Dengan semangat gotong royong, para anggota kelompok berharap kawasan ini dapat berkembang menjadi contoh penerapan silvofishery yang dapat direplikasi di berbagai wilayah pesisir lainnya, khususnya pada tambak-tambak tradisional di Kabupaten Lampung Timur.
Harapan ke Depan
Piloting silvofishery di Pokdakan Sido Dadi Vaname merupakan langkah awal menuju sistem budidaya yang lebih adaptif, produktif, dan berkelanjutan. Seiring pertumbuhan 200 pohon Rhizophora yang kini telah mencapai tinggi sekitar 40–50 cm, kawasan tambak diharapkan akan berkembang menjadi ekosistem yang semakin stabil dan mendukung keberhasilan budidaya.

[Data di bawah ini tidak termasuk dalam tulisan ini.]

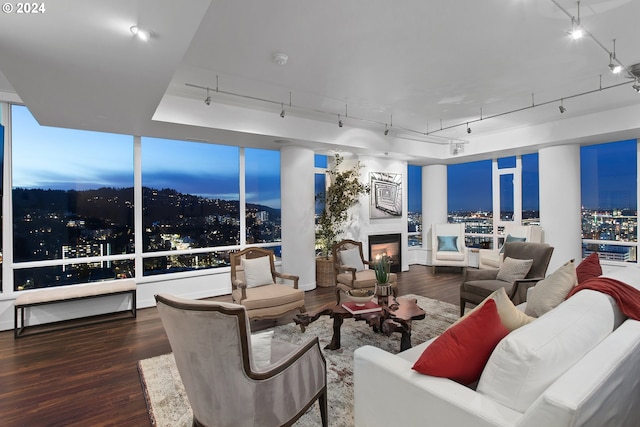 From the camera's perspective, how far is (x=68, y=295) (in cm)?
387

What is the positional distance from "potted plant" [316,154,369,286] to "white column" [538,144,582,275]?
3.35 meters

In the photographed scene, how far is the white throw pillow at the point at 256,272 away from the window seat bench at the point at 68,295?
158 cm

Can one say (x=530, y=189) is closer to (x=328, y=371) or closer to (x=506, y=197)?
(x=506, y=197)

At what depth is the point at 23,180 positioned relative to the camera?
4.12 metres

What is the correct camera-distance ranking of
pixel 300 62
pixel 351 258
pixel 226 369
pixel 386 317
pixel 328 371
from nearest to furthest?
1. pixel 226 369
2. pixel 328 371
3. pixel 386 317
4. pixel 300 62
5. pixel 351 258

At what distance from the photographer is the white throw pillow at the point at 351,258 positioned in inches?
203

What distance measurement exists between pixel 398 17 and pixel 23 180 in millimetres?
4883

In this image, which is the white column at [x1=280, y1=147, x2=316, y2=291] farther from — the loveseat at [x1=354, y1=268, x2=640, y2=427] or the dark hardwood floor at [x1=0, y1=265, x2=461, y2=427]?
the loveseat at [x1=354, y1=268, x2=640, y2=427]

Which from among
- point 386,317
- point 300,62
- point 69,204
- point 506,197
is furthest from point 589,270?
point 69,204

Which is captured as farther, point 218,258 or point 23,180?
point 218,258

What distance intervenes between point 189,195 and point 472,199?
6.49 meters

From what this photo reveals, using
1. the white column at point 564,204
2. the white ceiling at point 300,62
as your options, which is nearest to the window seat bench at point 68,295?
the white ceiling at point 300,62

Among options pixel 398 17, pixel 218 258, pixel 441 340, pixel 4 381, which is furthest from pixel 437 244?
pixel 4 381

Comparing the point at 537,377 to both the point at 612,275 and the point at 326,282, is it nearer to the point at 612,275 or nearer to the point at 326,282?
the point at 612,275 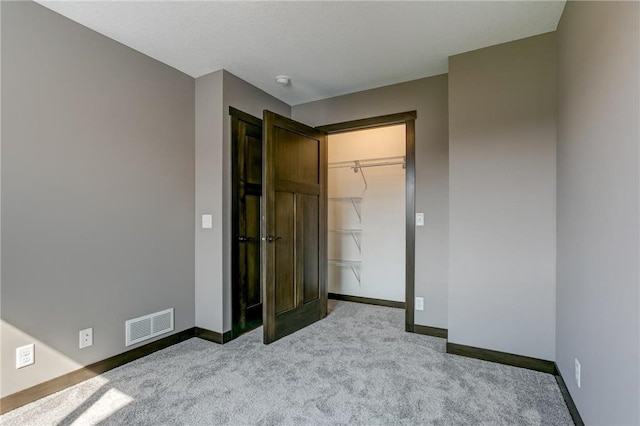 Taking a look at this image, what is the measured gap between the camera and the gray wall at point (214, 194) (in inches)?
113

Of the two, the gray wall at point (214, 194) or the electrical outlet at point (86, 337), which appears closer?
the electrical outlet at point (86, 337)

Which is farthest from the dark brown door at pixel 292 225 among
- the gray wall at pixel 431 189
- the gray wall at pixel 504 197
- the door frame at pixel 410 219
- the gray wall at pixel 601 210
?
the gray wall at pixel 601 210

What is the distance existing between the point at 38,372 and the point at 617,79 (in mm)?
3321

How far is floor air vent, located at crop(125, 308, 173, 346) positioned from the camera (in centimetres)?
247

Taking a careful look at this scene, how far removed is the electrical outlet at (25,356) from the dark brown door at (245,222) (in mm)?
1383

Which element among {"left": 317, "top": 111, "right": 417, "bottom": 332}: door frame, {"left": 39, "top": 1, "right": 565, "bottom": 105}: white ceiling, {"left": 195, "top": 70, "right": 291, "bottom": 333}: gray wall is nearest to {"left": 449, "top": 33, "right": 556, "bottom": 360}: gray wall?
{"left": 39, "top": 1, "right": 565, "bottom": 105}: white ceiling

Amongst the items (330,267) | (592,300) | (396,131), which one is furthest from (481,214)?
(330,267)

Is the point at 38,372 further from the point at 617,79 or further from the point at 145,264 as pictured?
the point at 617,79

Melalui rencana penebaran udang vaname dan ikan bandeng, model ini diharapkan mampu membuktikan bahwa peningkatan produksi dapat berjalan selaras dengan upaya konservasi lingkungan. Jika hasilnya menunjukkan keberhasilan, piloting ini berpotensi menjadi referensi bagi pengembangan budidaya berbasis mangrove di wilayah pesisir Indonesia, sekaligus memperkuat peran masyarakat pembudidaya dalam menjaga kelestarian ekosistem untuk generasi mendatang.